INSTRUCTIONS FOR THE TASK: From the listing below, please restate exactly the lines beginning at the one with "AFC Bournemouth players" and ending at the one with "Кварцвиниловые полы Ecoclick", both included, and skip the pictures.

DATA:
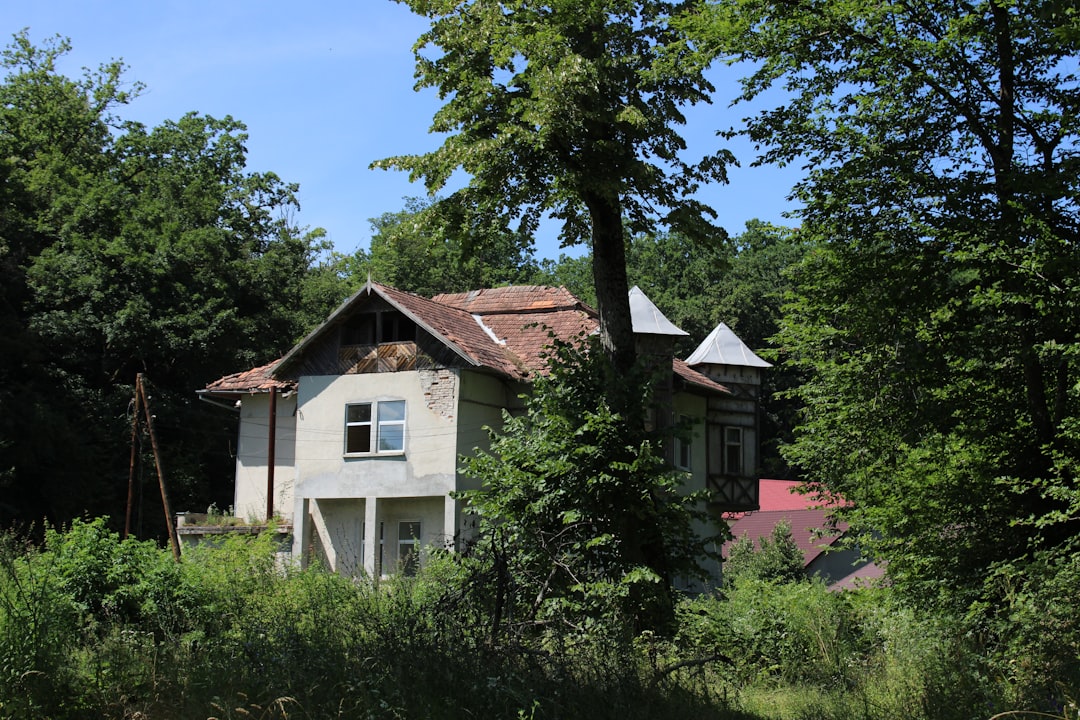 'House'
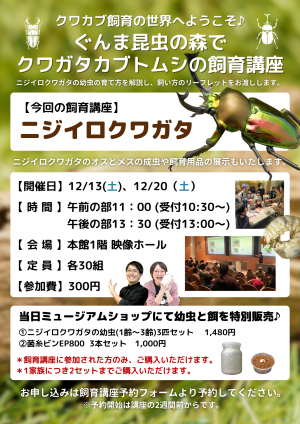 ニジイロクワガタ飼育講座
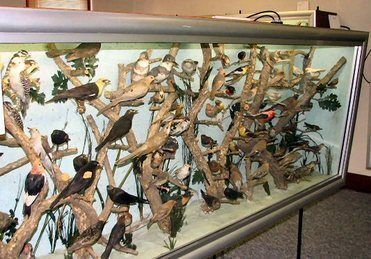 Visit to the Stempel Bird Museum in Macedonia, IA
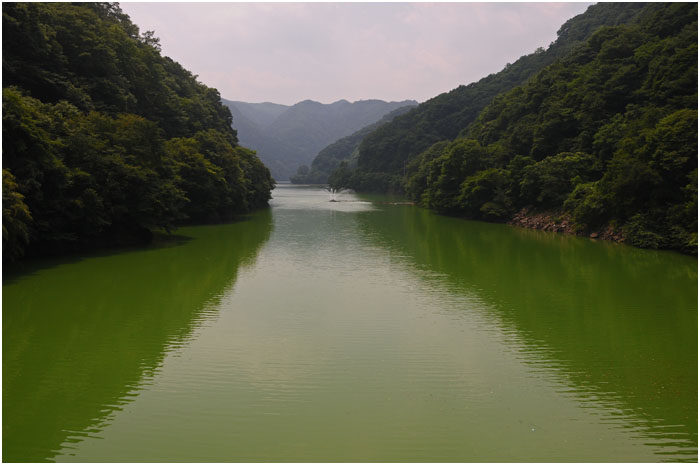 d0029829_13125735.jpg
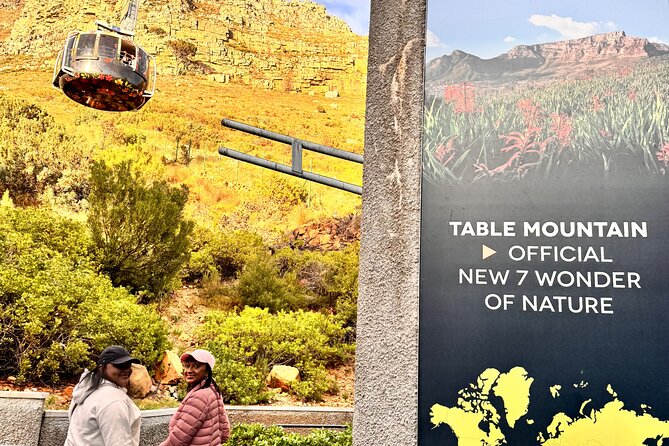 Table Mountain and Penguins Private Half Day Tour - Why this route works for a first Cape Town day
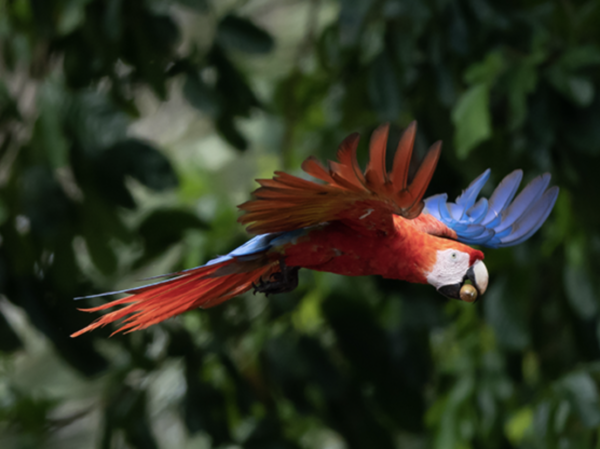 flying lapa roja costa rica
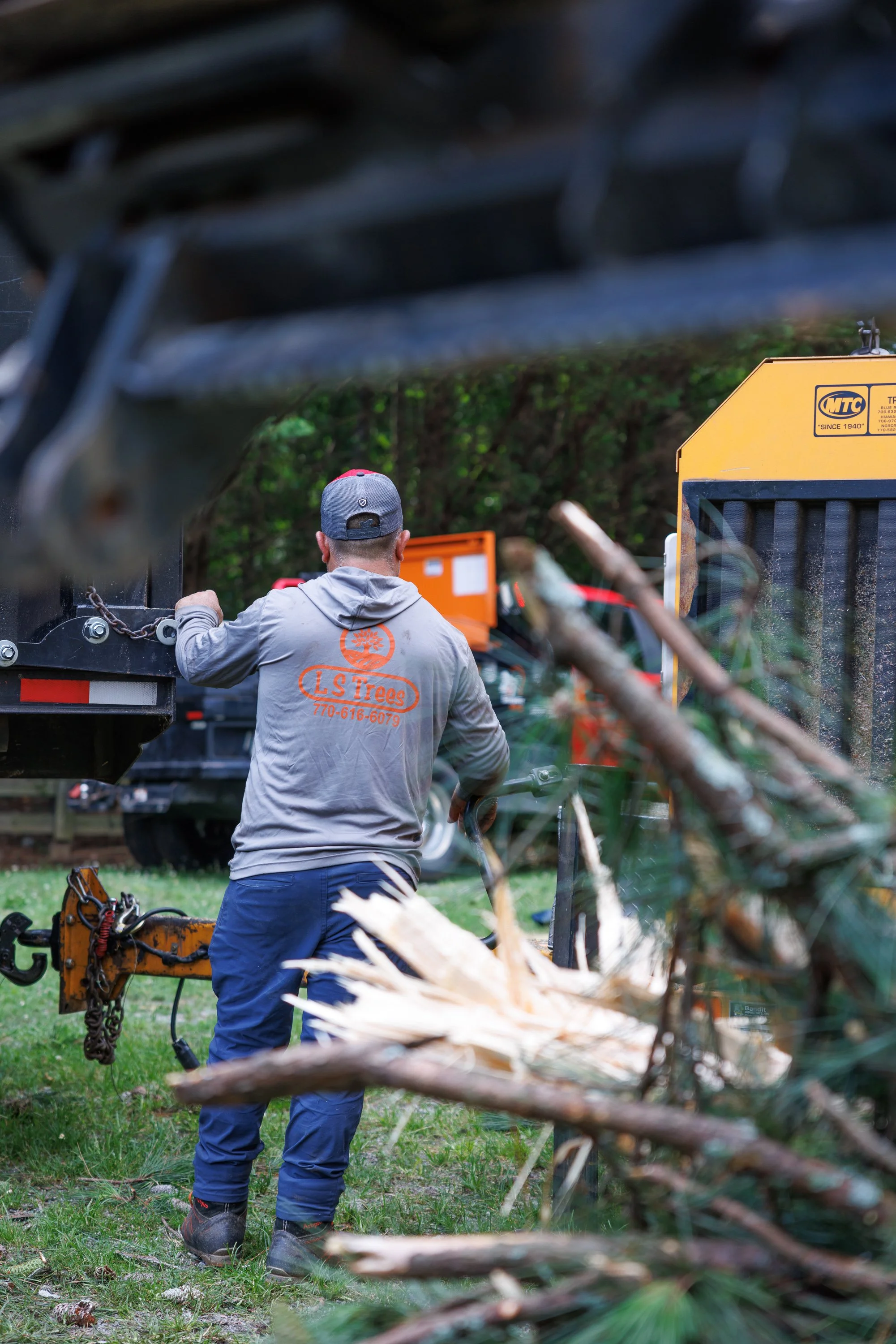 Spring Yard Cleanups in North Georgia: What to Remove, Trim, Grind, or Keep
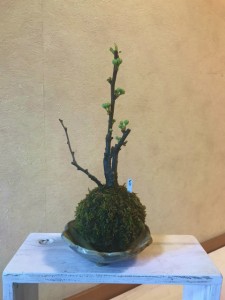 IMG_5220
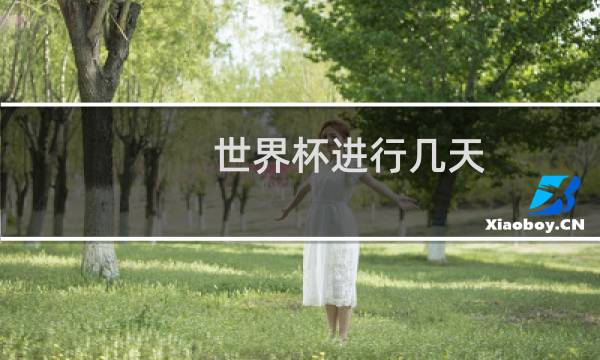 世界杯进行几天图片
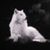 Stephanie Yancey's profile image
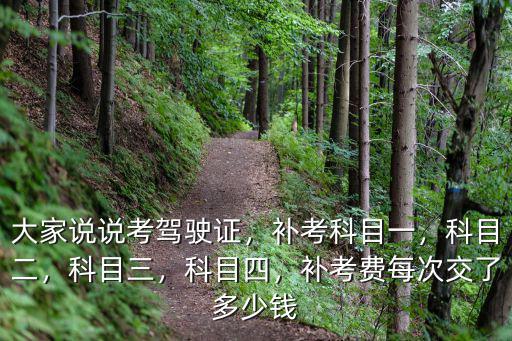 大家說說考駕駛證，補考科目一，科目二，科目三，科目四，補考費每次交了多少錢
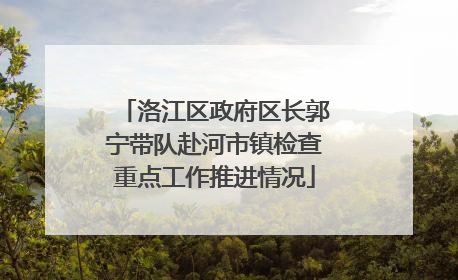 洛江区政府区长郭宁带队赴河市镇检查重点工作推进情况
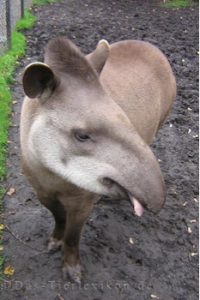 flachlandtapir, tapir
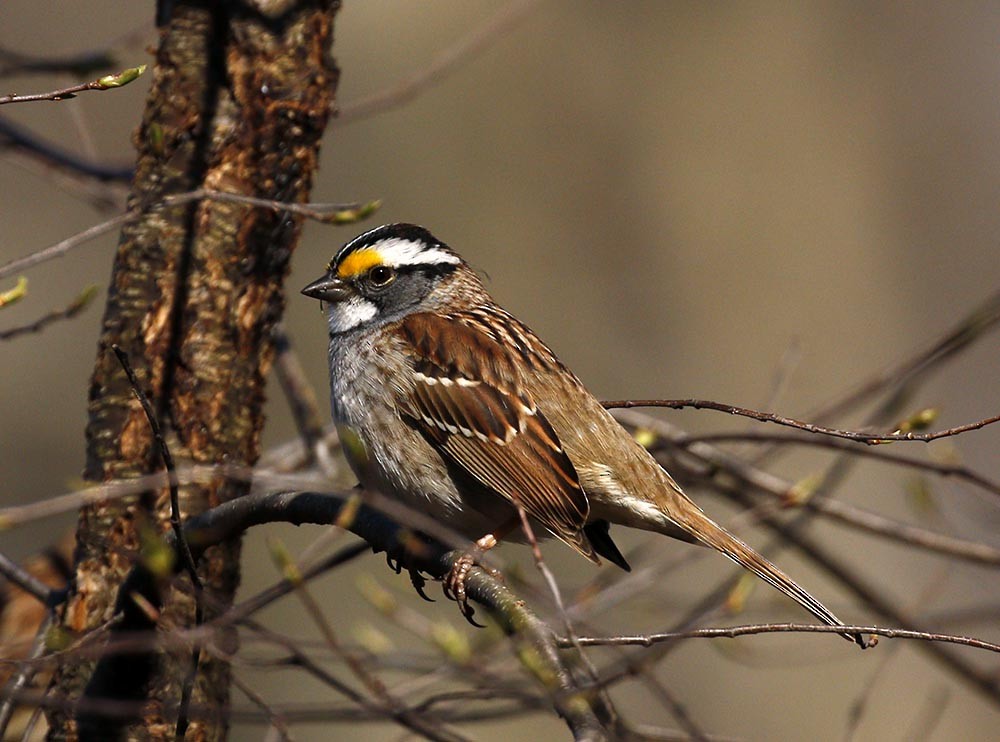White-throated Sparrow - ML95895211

...

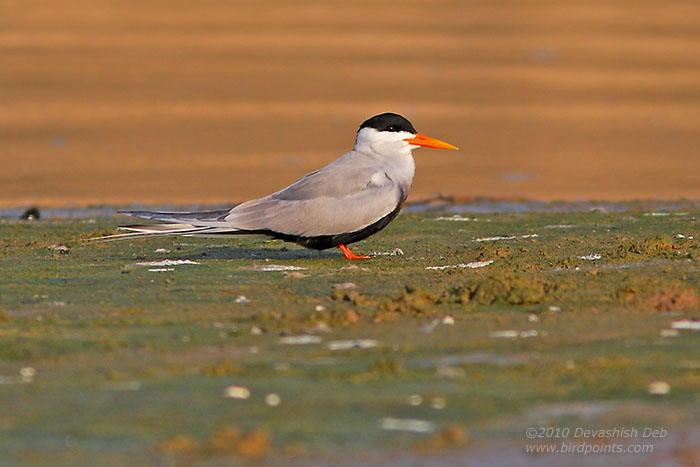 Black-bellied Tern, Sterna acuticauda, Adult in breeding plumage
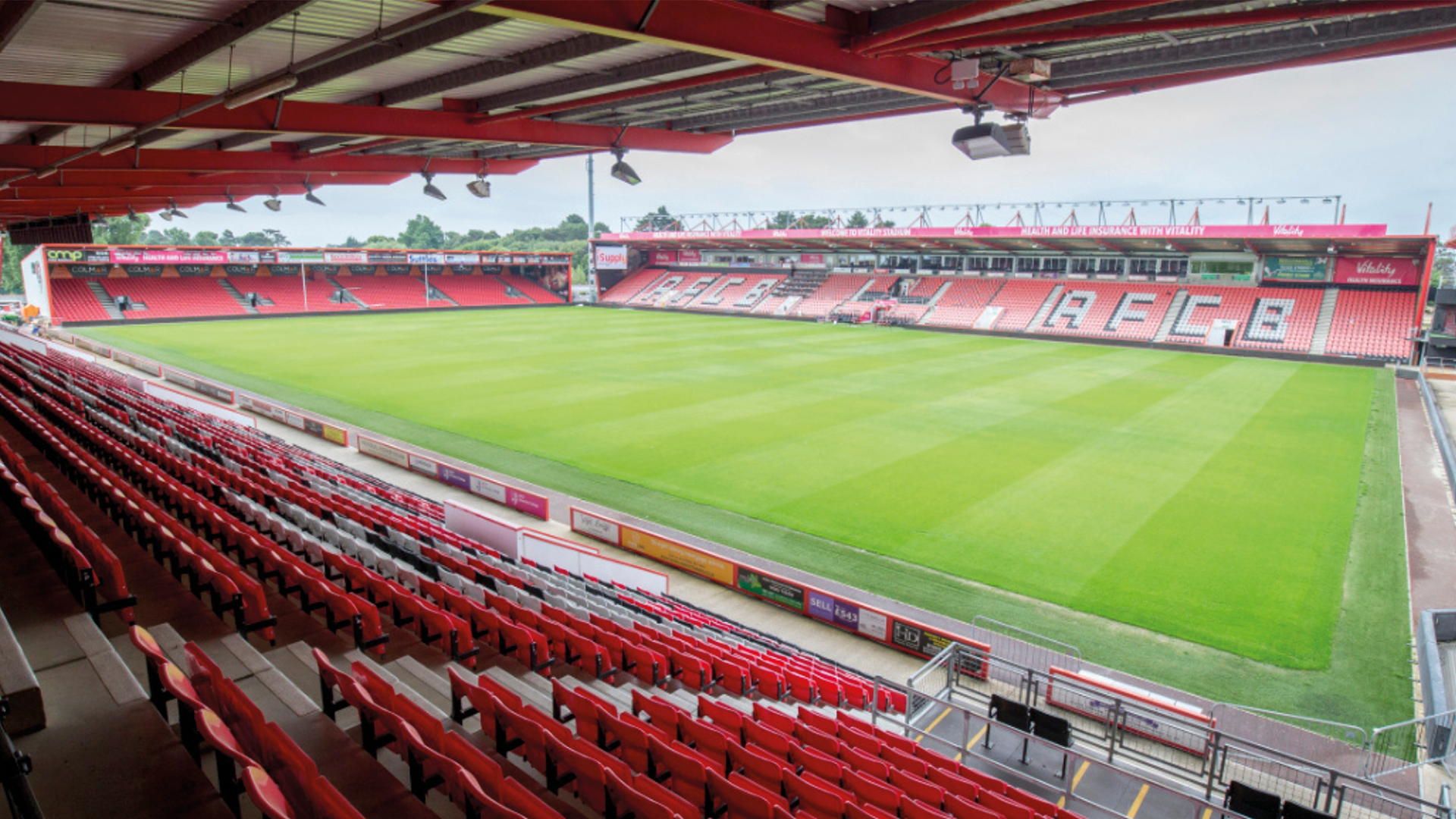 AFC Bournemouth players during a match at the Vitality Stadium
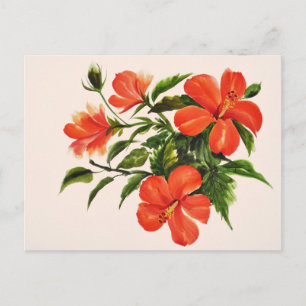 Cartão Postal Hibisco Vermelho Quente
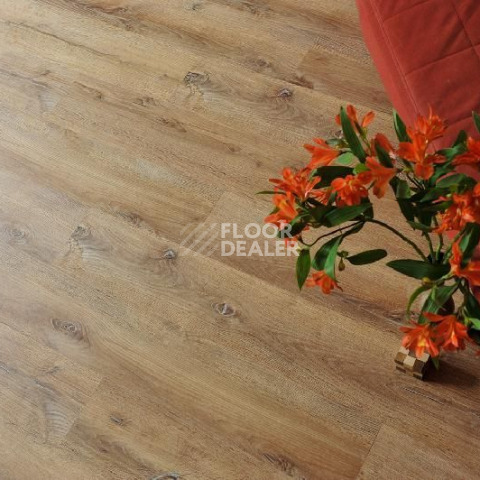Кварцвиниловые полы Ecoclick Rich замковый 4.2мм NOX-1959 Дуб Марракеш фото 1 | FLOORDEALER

WRITTEN RESPONSE:
 AFC Bournemouth players during a match at the Vitality Stadium
 Cartão Postal Hibisco Vermelho Quente
Кварцвиниловые полы Ecoclick Rich замковый 4.2мм NOX-1959 Дуб Марракеш фото 1 | FLOORDEALER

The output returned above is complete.